McCosh is part of an unprecedented surge in e-book sales that’s changing publishing and challenging traditional bookstores.
It’s reflected on USA TODAY’s Best-Selling Books list, which tracks combined sales of e-book and print editions. The latest list, based on sales data from Dec. 26 to Jan. 1, shows a remarkable burst of digital book sales after e-readers were unwrapped as gifts — for 42 of the top 50 titles, the e-book editions were the most popular format. The previous high, in July, was 25 of the top 50.
For e-books, “the two weeks after Christmas is what the two weeks before Halloween is to pumpkins,” says Michael Norris, an analyst with Simba Information, a market research firm.
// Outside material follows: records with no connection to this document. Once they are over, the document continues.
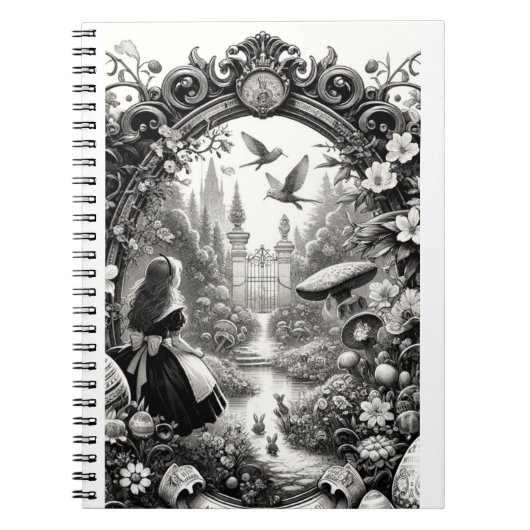 WONDERLAND NOTEBOOK NOTIZBLOCK (Vorderseite)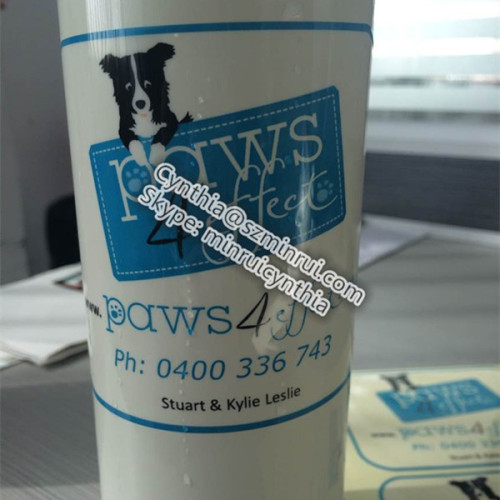 Custom made PET Waterproof adhesive Transparent LOGO Printing Label 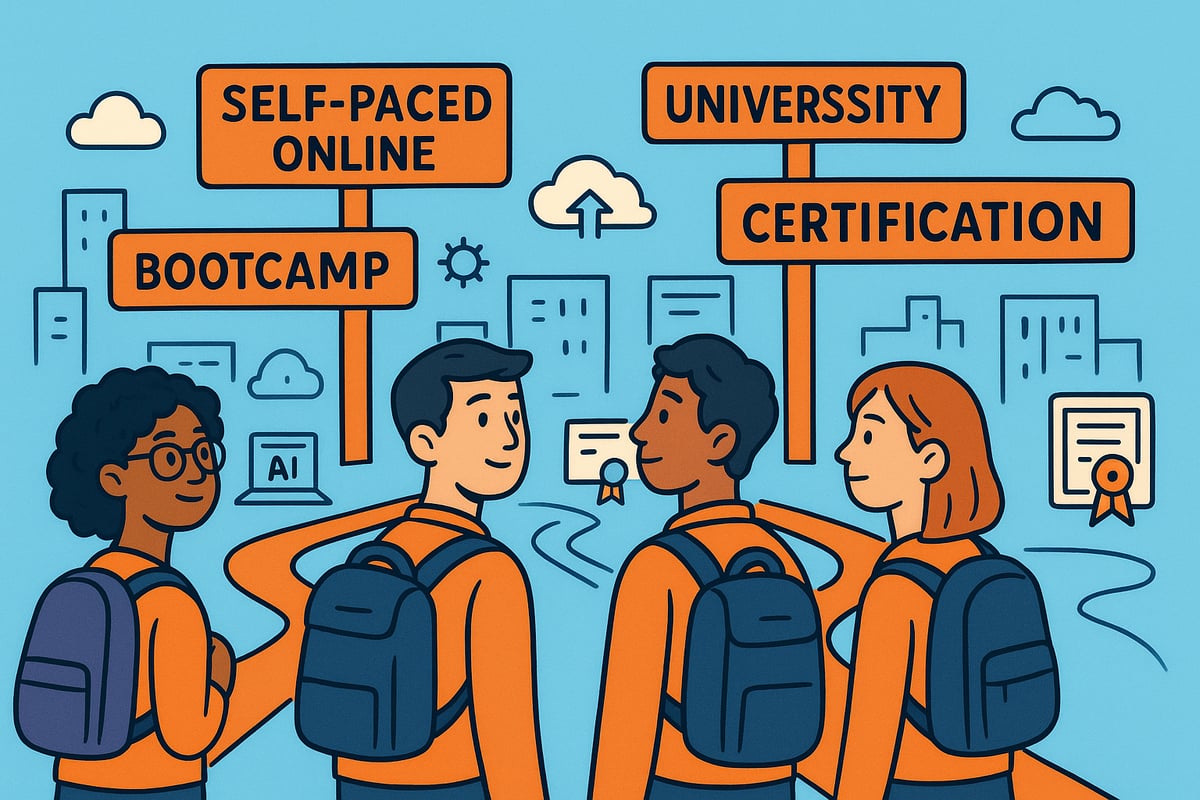 Training Pathways: Self-Paced, Bootcamps, and Certifications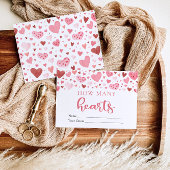 Invitation Pink Chérie Valentine Combien de Coeurs Jeu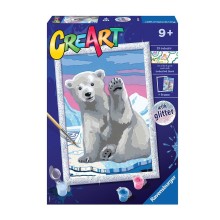 Ravensburger Painting by numbers Polar bear greeting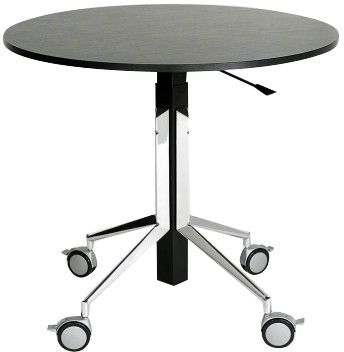 Olli Olssen - höhenverstellbarer runder Tisch 90 cm | Rolltisch verschiedene Dekore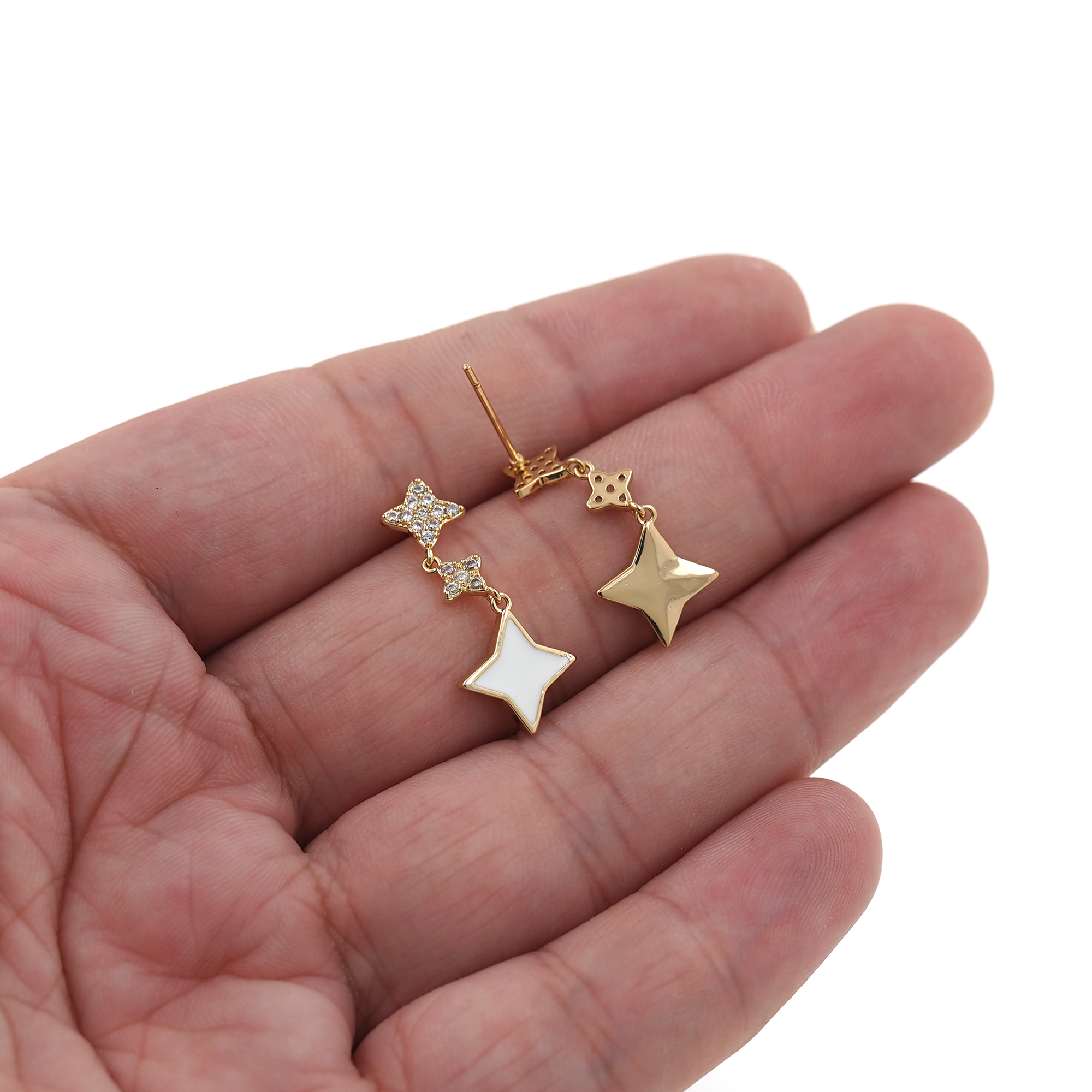 18K Gold Filled North Star Stud Earrings,Celestial Earrings,Dainty Earrings,Minimalist Earring,Gift for Wife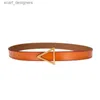 Belts Fashion Brand Belt Women Triangle Buckle Luxury Belt Womens Leisure Trend Jeans Dress Belts Lady Girl Y240411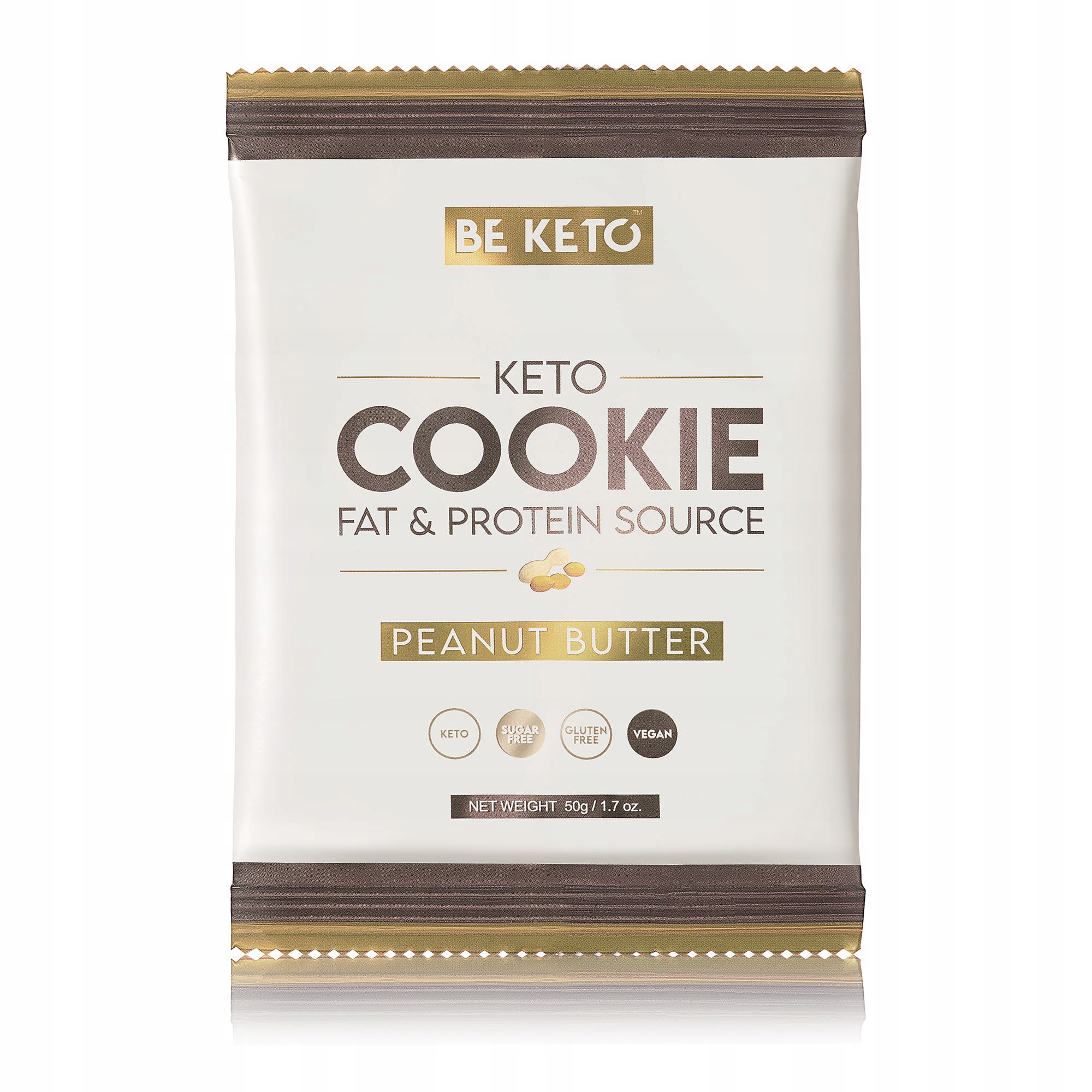 Levně 7X Keto Cookie Peanut Butter arašídový krém bez cukru 50 g BeKeto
After the post-holiday surge, he predicts, e-books will increase in “short bursts and slow trickles” the rest of the year.
Norris estimates that one in five U.S. adults are reading e-books on a variety of devices, from dedicated e-readers to tablets (like the Kindle Fire) that can be used to download movies, music, video games and more.
Forrester Research estimates that Amazon has sold 5 million Kindle Fires, priced at $199 each, since the device was released Nov. 14. Archrival Barnes & Noble has sold an estimated 2 million Nook Tablets ($249), released Nov. 17.
Both devices are designed, in part, to compete with Apple’s iPad (the latest versions are priced from $500 to $830), which sold about 40 million units last year.
But even as the sales of e-books doubled from 10% of the overall market to 20% in 2011, print books still account for about 80% of the market.